Lake Placid, 1999
1999’s Lake Placid was an unusual movie from its beginnings. It’s a star-studded black comedy about a giant crocodile terrorizing a small lake community in Maine featuring a
flamboyant, wealthy professor with a passion for crocodiles in Hector Cyr (Oliver Platt), a common-sense, polite and gentlemanly local sheriff named Hank Keough (Brendan Gleeson), Jack Wells (Bill Pullman) a rough-and-tumble member of the Maine Fish and Wildlife Service, and Kelly Scott (Bridget Fonda), a professor of paleontology with a New York City-based natural history museum.
With all of this and a small role with Betty White playing a local lake resident, it is directed by Steve Miner, whose directorial career to that point had been limited to television work and a small number of romantic comedies like My Father the Hero.
The group investigates the mysterious deaths that have been associated with the lakes
and eventually learn that a giant crocodile is to blame, but the really great element of this movie is the work done by Platt and Gleeson in playing off of each other in comedic roles.

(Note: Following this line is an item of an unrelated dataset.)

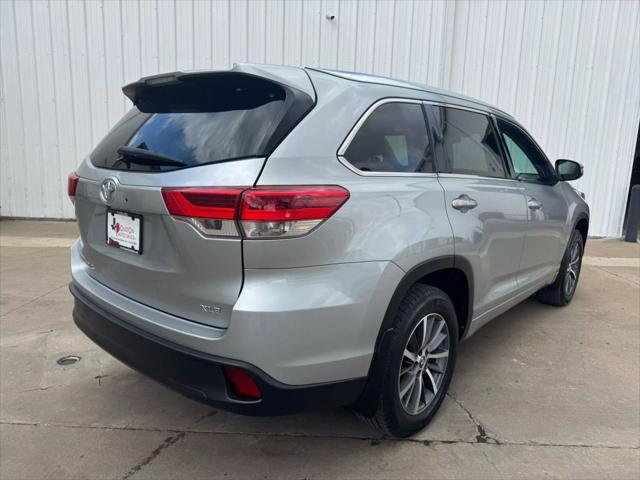 used 2017 Toyota Highlander car, priced at $19,950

Gleeson’s American accent is spot-on, as is his portrayal of a polite and kindly local sheriff who is constantly heckled by the very charming, well-educated, and intensely funny Platt whose over-the-top performance really steals the show.
Bill Pullman’s character is weak and derivative; he adds little to the picture. Bridget Fonda might as well be a study in cliches. Between her poorly-written lines and her mediocre performance had she not been involved with the project, she would not have been missed.
All told, if you take a viewing of Lake Placid with the same cheeky, black comedic attitude with which it was made, you will be rewarded with a very enjoyable experience.